Das Test-ClusterResourceFailure-Cmdlet ersetzt Fail-ClusterResource.

  • Das Befehlszeilentool "Cluster.exe" ist veraltet, kann jedoch optional mit den Failoverclusteringtools installiert werden. Die Windows PowerShell-Cmdlets für Failoverclustering bieten im Grunde die gleiche Funktionalität wie die Befehle von "Cluster.exe". Weitere Informationen finden Sie unterZuordnen von Cluster.exe-Befehlen zu Windows PowerShell-Cmdlets für Failovercluster.

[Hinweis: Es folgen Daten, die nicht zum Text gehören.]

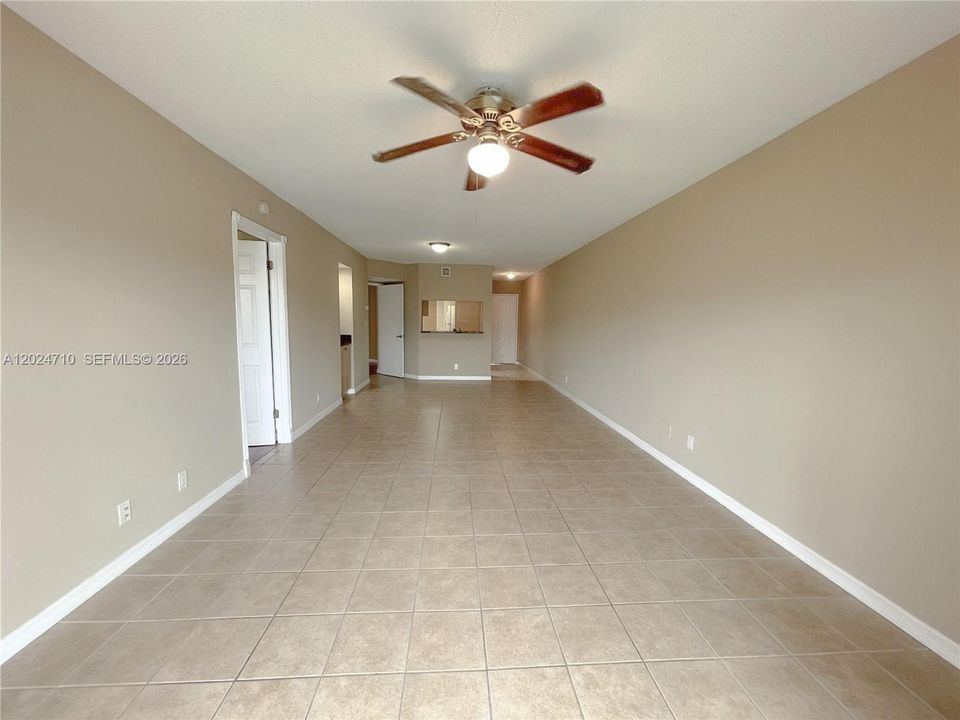 For Rent: $1,950 (2 beds, 2 baths, 1020 Square Feet)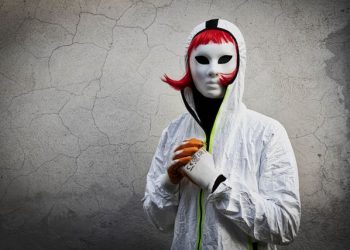 Laika, all’Aquila spunta una nuova opera della street artist attivista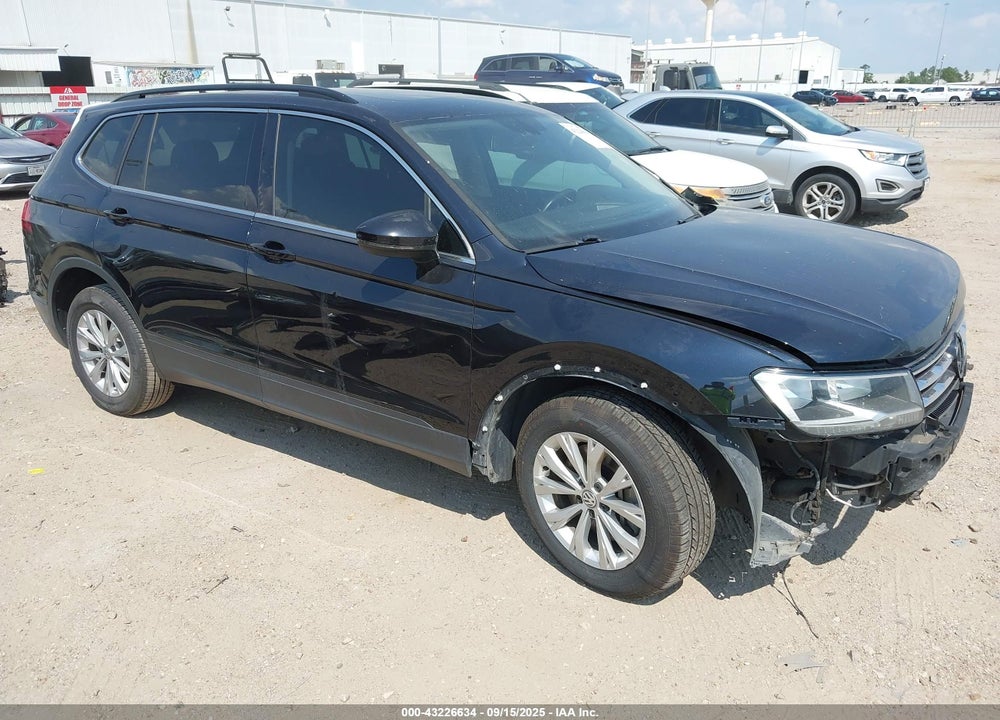 2018 VOLKSWAGEN TIGUAN VIN: 3VV2B7AXXJM016889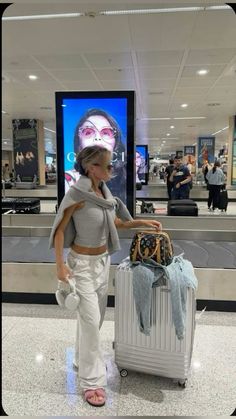 Airport Outfit Comfy Summer, Outfit For Short Girl, Classy Airport Outfit, Airport Style Summer, Aeroplane Outfit, Flight Outfit Airport Style, Airport Outfit Comfy, Chic Airport Outfit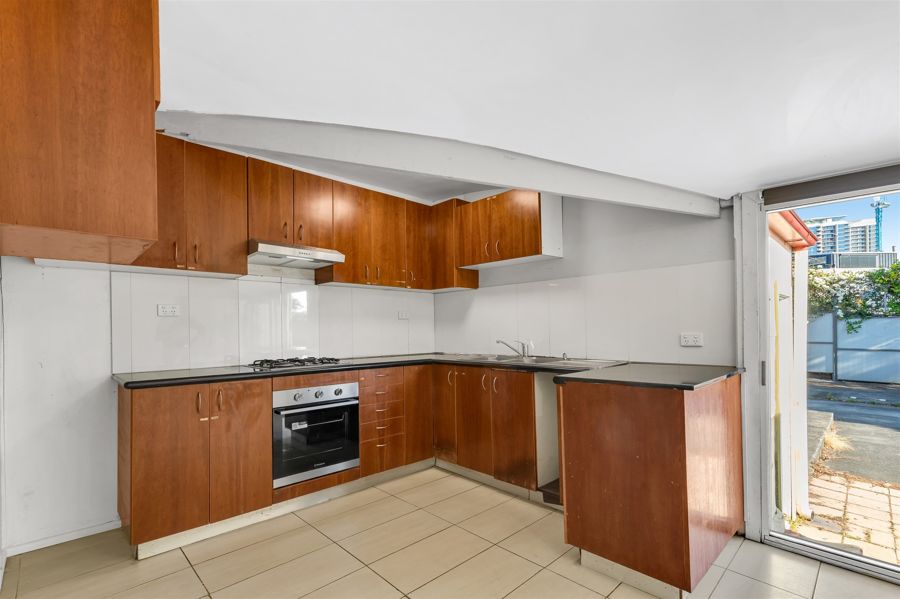 1/16 Cricket St, Petrie Terrace, QLD 4000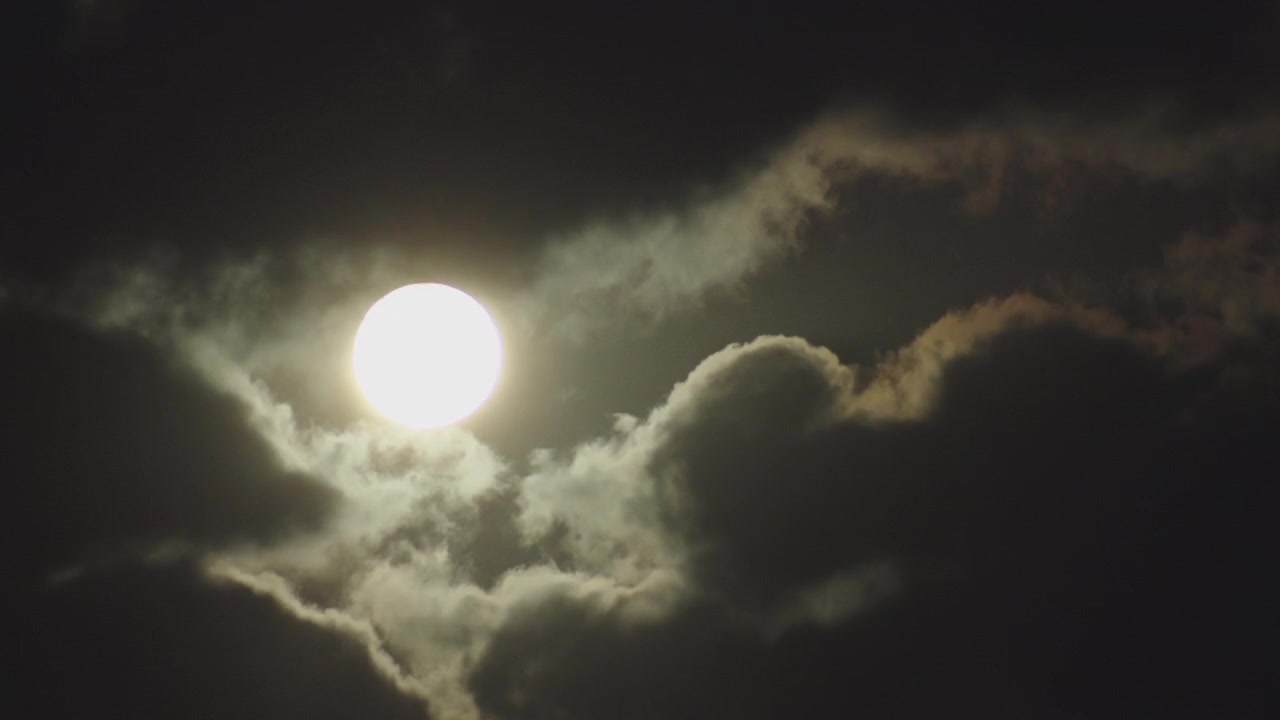 Lua nascendo entre as nuvens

  • Die Cluster Automation Server (MSClus)-COM-Oberfläche ist veraltet, kann jedoch optional mit den Failoverclusteringtools installiert werden.

  • Die Unterstützung von 32-Bit-Clusterressourcen-DLLs ist veraltet, 32-Bit-DLLs können jedoch optional installiert werden. Clusterrollen-DLLs sollten auf 64-Bit aktualisiert werden.

  • Die Druckserverrolle wurde aus dem Assistenten für hohe Verfügbarkeit entfernt und kann im Failovercluster-Manager nicht konfiguriert werden.

  • Das Cmdlet Add-ClusterPrintServerRole ist veraltet und wird in Windows Server 2012 nicht unterstützt.